Reassembling history is like putting together a jigsaw puzzle.  The remembrances are hazy at best and details vary depending with whom you speak.  Such is the origin story of the telecommunication industry’s Diversity Week.  Many people own a piece of the story, but what is clear is that the industry staked a claim to promoting diversity and inclusion nearly 40 years ago that still stands today.

 

“HELL WEEK” 1997 Kaitz Dinner

The first Kaitz Dinner was held in the Empire Room at the Waldorf Astoria Hotel in New York in the Fall of 1984 and that initial fundraising dinner ties closely to the origins of Diversity Week.  After that inaugural event, a host of industry organizations made a decision to co-host their own events during the same week.  Notable among those was NAMIC’s Urban Market’s Conference, now known as the NAMIC Conference.  This added another dimension of diversity to the week that complimented the fundraising dinner.  Long-time cable journalist, Paul Maxwell, who along with industry pioneers Ralph Baruch, Bill Daniels, Don Anderson, Spencer Kaitz, Amos Hostetter, and others, hosted that first dinner to honor the organizations namesake, Walter Kaitz.  Maxwell recalls that the agenda-packed week, with its numerous events, meetings and rigorous travel was ‘hell.’  That pejorative stuck for nearly a decade.

 

 

5th Kaitz Fellow Class

DIVERSITY WEEK: THE EARLY YEARS

Discussions of the name Diversity Week first arose during NAMIC Board meetings recalls Multichannel News’, Tom Umstead.
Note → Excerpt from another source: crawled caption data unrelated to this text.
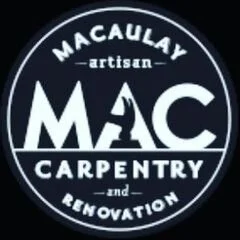 Macaulay Artisan Carpentry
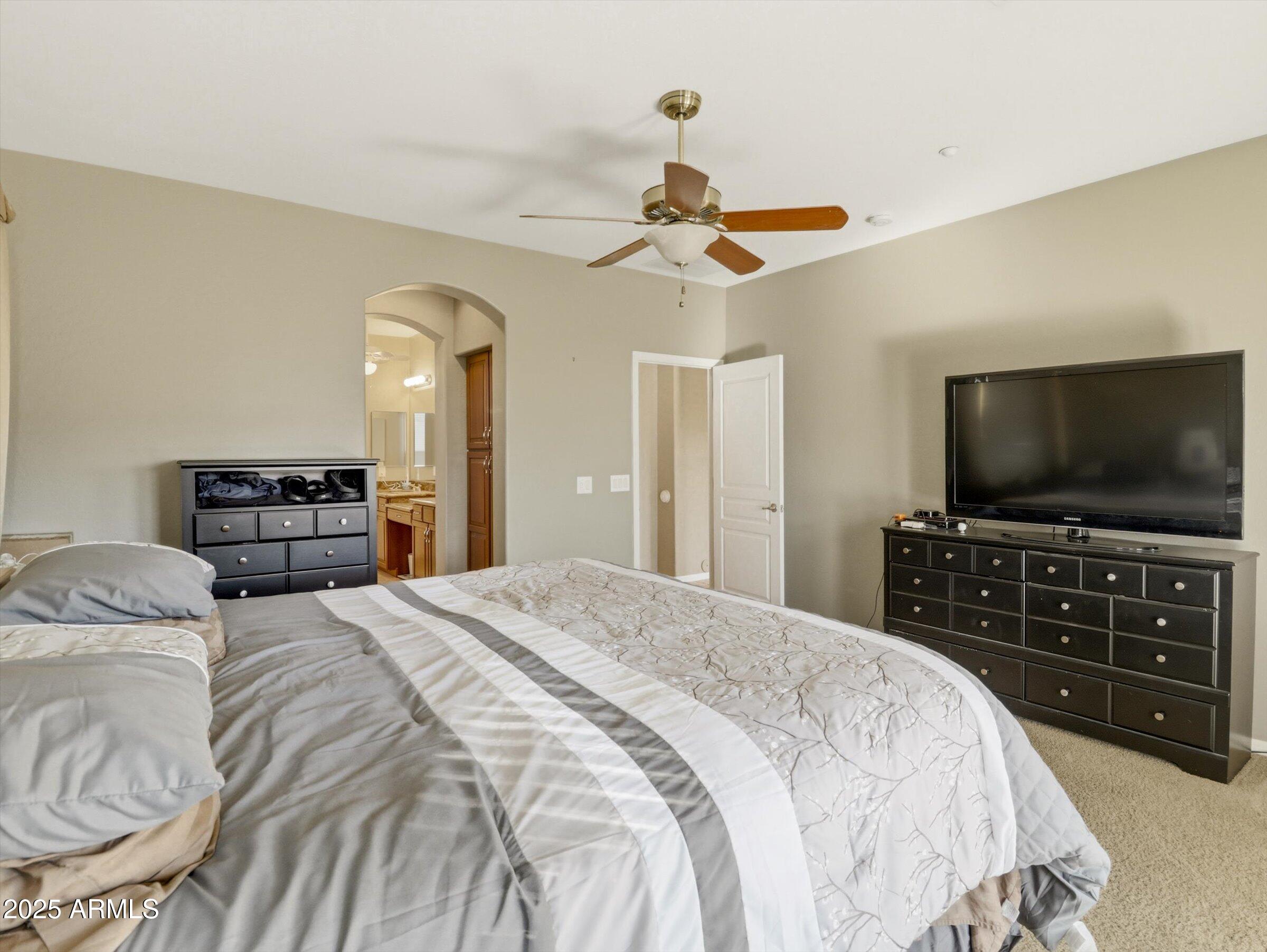 14469 W EDGEMONT Avenue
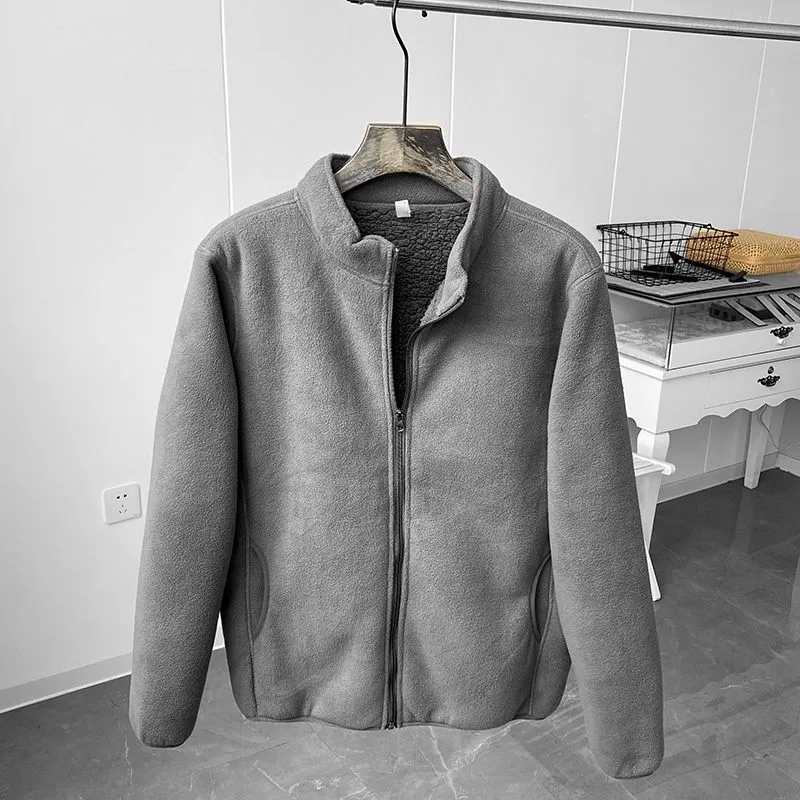 Penélope® | Relaxed and timeless winter coat - Image 3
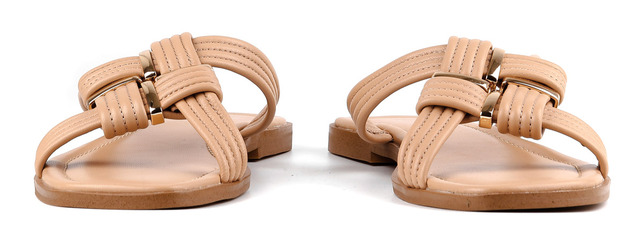 LeBERDES Шльопанці 00000014909 2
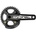 Shimano Saint M825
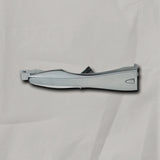 2013-2020 Nissan Altima Pathfinder Passenger Side Outside Door Handle OEM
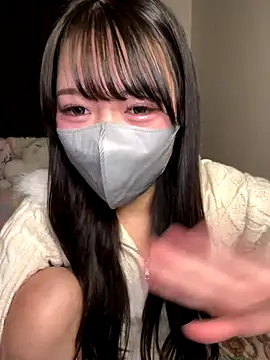 hina porn online show from 3, 11, 2025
Then a NAMIC Board member in the early 90s, he remembers the discussion of dedicating the week to diversity and inclusion within the industry.  It was fitting since the Kaitz Foundation’s mission at that time was to bring diverse ‘Fellows’ into the burgeoning industry through their nationwide recruitment efforts.  During those early days, Fellows were assigned to a cable company and rotated through various departments after which they were hired directly.

 

Curtis SymondsCurtis Symonds, then an executive with BET Networks and the founder of the HBCU Network, was on the Board of the Kaitz Foundation during that time.  Kaitz, under the leadership of Paula Winn, was responsible for implementing that early mission of recruitment. Symonds corroborates that there was a movement to brand the week for the work the industry was doing to further the focus on diversity.  “I give the (Kaitz) Foundation a lot of credit for opening doors for people of color to come into the business,” he says.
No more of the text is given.